Un long week-end, c’est presque des vacances ! C’est en tout cas ce que pensent les anglais, prompts à profiter de leurs quelques jours de congés pour oublier leur quotidien en allant à la mer. Mais ce n’est pas le cas de Stephen Howard (John Lodge), qui vient de perdre sa femme en plein accouchement. Catherine (Margaret Lockwood), son infirmière, s’apprête elle aussi à partir en week-end et à rejoindre son fiancé sur le littoral. Mais, touchée par son chagrin, elle se demande rapidement si elle a bien fait de laisser le jeune veuf seul…

Analyse et critique

Sorti la même année qu’Une Femme disparait, Week-End contribue avec le film d’Hitchcock à asseoir la notoriété de celle qui sera la plus grande star anglaise de la décennie suivante, Margaret Lockwood. A la mise en scène on trouve un tout jeune Carol Reed (32 ans à l'époque) qui se situe ici aux antipodes des thrillers qui feront plus tard sa réputation mais qui accède néanmoins à une production plus cossue que les quotas quickies dans lesquels il débuta.

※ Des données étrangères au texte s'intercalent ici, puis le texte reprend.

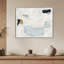 Abstract Flux Print by Hegre Paragon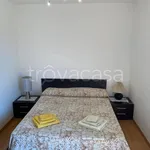 Rent 3 bedroom apartment of 80 m² in Oliveri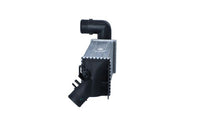 Laddluftkylare NRF 30835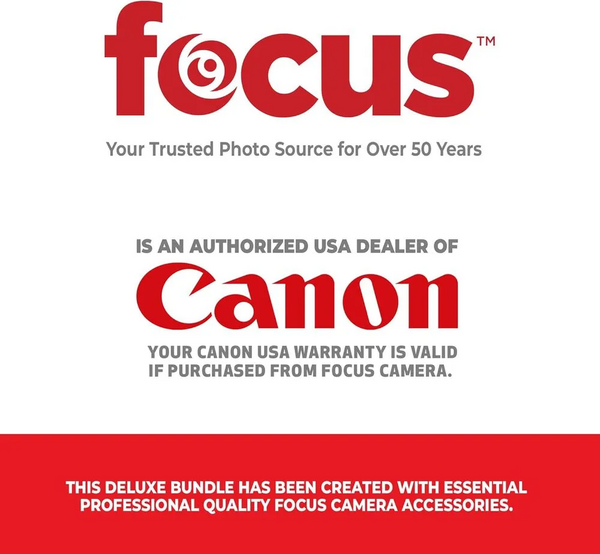 Canon USA Inc. MB5420 image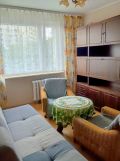 Mieszkanie 2-pokojowe Katowice Piotrowice, ul. Marcina Radockiego. Zdjęcie 3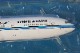 1/200 B777-200ER ���������� AL-QURAIN 9K-AOA ��0137] �ۡ�����/���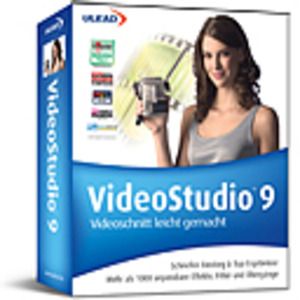 ulead video studio apk download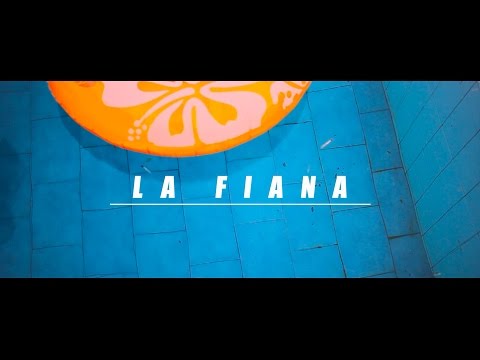 Video thumbnail for La Fiana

Le film est plutôt là une chronique douce-amère oscillant entre mélodrame et comédie. Le titre original Bank Holiday désigne la tradition des quatre jours fériés en Angleterre (à l'époque du film en tout cas aujourd'hui ils sont plus nombreux) et le film s'ouvre sur l'imminence de l'un d'entre eux à travers différente saynètes comiques en ouverture où les ouvriers jettent soudain leur pelles au loin, les secrétaires tapent frénétiquement à la machine en surveillant l'horloge ou encore les maçons abandonnent sac de ciment dès que la cloche signalant la fin de leur labeur retentit...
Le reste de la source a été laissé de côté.